Si concentrano sulla nuca, nella parte superiore al collo e dietro le orecchie e si trasmettono per contatto. Per questo sono molto frequenti nei bambini in età scolare.

Ma come riconoscere i pidocchi e come fare per eliminarli nel modo giusto?

Il ciclo di vita dei pidocchi

I pidocchi hanno un ciclo di vita in tre fasi: si inizia con l’uovo che, schiudendosi dà vita ad un primo parassita di forma immatura, la ninfa, di colore rossastro; la ninfa poi cresce e diventa l’insetto adulto, scuro e lungo alcuni millimetri, che conosciamo. Il pidocchio adulto depone le uova, che poi si schiudono e fanno ripartire il ciclo. Ecco perché è necessario rimuovere accuratamente ogni traccia di insetto e di uova di pidocchio dai capelli dei vostri figli, per evitare di essere che essi siano vittime di cicli di vita ripetuti del pidocchio.

In genere, è difficile vedere l’insetto adulto, a meno che l’infestazione non sia già in una fase molto avanzata. Più facile è invece trovare le uova, che sono chiare o scure e leggermente lucenti sotto la luce.

Pidocchi nei capelli, come capire se si hanno e come rimuoverli

Per capire se si hanno i pidocchi, la prima cosa da fare è esaminare il cuoio capelluto. I capelli possono essere asciutti o bagnati . Se bagnati, devono essere stati lavati con shampoo e balsamo neutro. Il balsamo può essere applicato anche sui capelli asciutti, poiché stordisce l’insetto, e lo rende più facile da vedere.

Per facilitare il compito, i capelli possono essere suddivisi in gruppi e raccolti con mollette. Si procederà quindi a pettinarli, dalla radice alla punta, con un pettine a denti molto stretti, che impedirà all’insetto di correre via. Il pettine deve essere controllato ad ogni passaggio.

Come riconoscere le uova dei pidocchi

Le uova del pidocchio si trovano nei primi centimetri dall’attaccatura del capello e sono attaccate al capello grazie ad una sostanza vischiosa prodotta dalla femmina del pidocchio. A differenza degli insetti adulti, le uova sono ferme e quindi più facili da trovare.

Indipendentemente dall’azione meccanica di rimozione, per rimuovere efficacemente e in modo definitivo uova e pidocchi, bisogna comunque utilizzare sempre trattamenti specifici anti-pidocchi, da acquistare in farmacia. Se i pidocchi non vanno via, è opportuno poi rivolgersi al medico.

Come riconoscere le uova di pidocchio e distinguerle dalla forfora?

Per evitare di fare confusione tra pidocchi, forfora o altra sporcizia, si può usare una lente di ingrandimento.
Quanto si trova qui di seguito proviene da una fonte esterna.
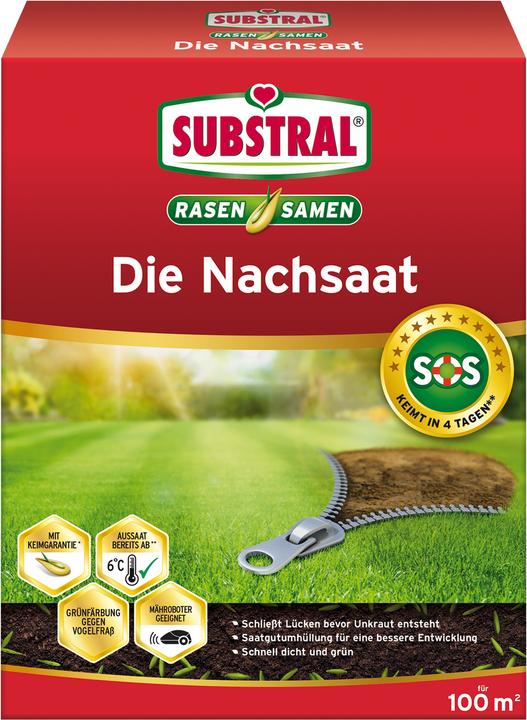 Substral Die Nachsaat 2 kg (Rasensamen)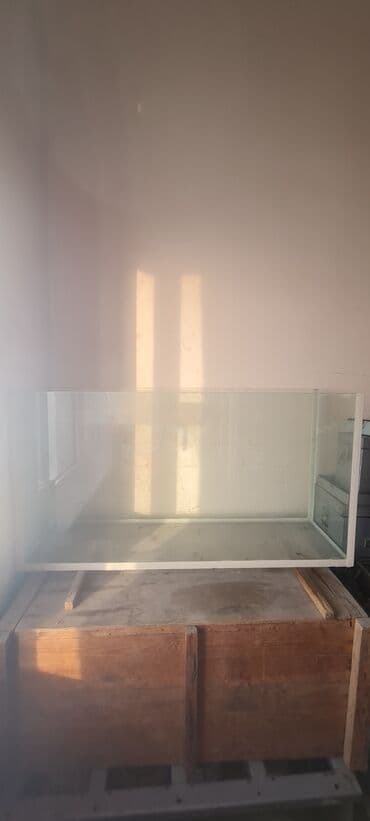 Digər heyvanlar: Şüşə akvarium - Ölçü: təxminən uzun 90 sm, hündür 50–55 sm, dərinlik — 2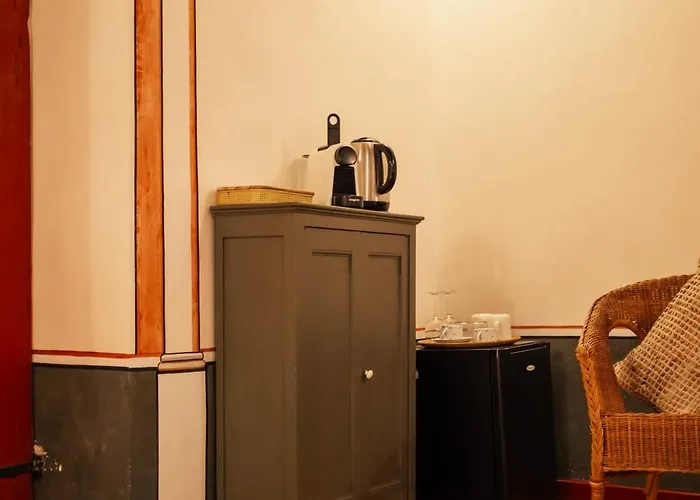 Vivez - Historique בוניפסיו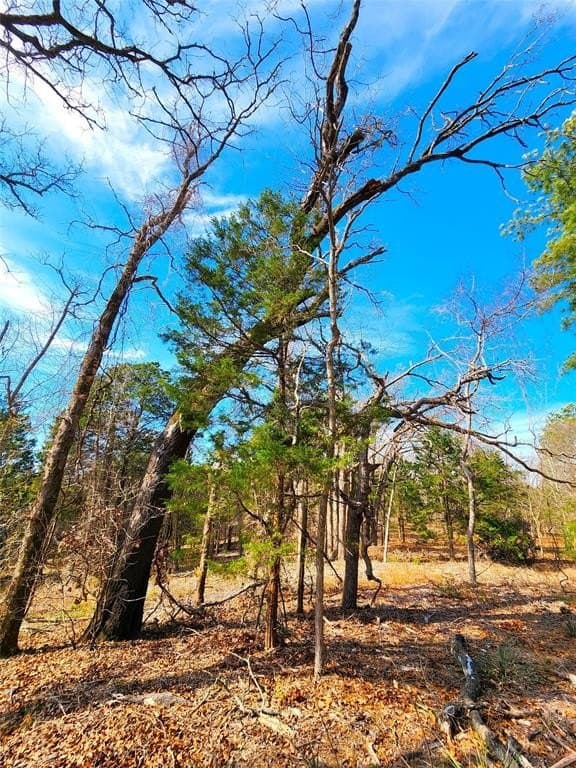 5.6 acres in Henderson County - photo 32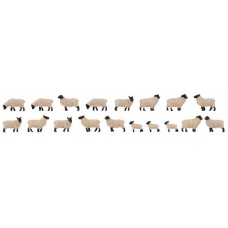 151918 - Black Head Sheep 18 Pieces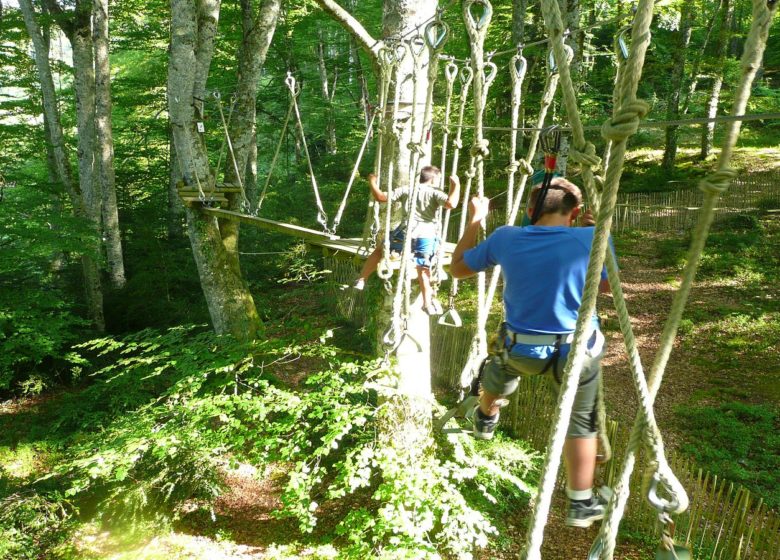 El bosque colgante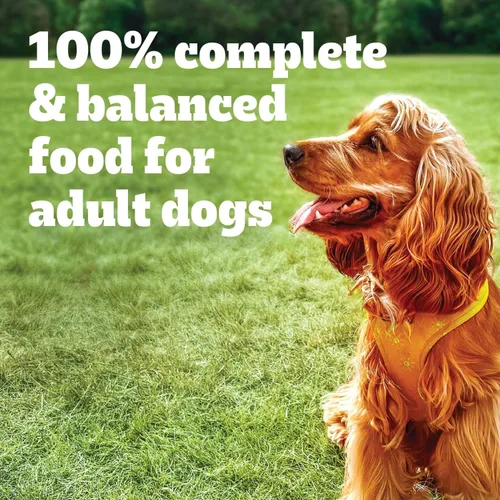 Miniatura 10 de Pedigree Paquete variado de alimentos húmedos suaves para perros adultos con alto contenido de proteínas, bolsas de 3.5 onzas, 30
Inoltre, anche se all’aspetto appaiono simili, la forfora viene via facilmente dai capelli, le uova di pidocchio restano invece attaccate e possono essere rimosse con le unghie oppure con l’aiuto di un po’ di aceto, che servirà a sciogliere la sostanza vischiosa che le tiene attaccate al capello.

Come si prendono i pidocchi?

I pidocchi possono essere trasmessi per contatto diretto con la persona infetta o per contatto con indumenti o biancheria infetta.

Una volta contratti i pidocchi, è necessario limitare la loro diffusione e quindi:

  • lavare accuratamente vestiti, biancheria (incluse lenzuola e asciugamani) in acqua bollente;
  • eliminare i pidocchi che cadono dalla testa della persona infetta;
  • non condividere vestiti o accessori con la persona infetta.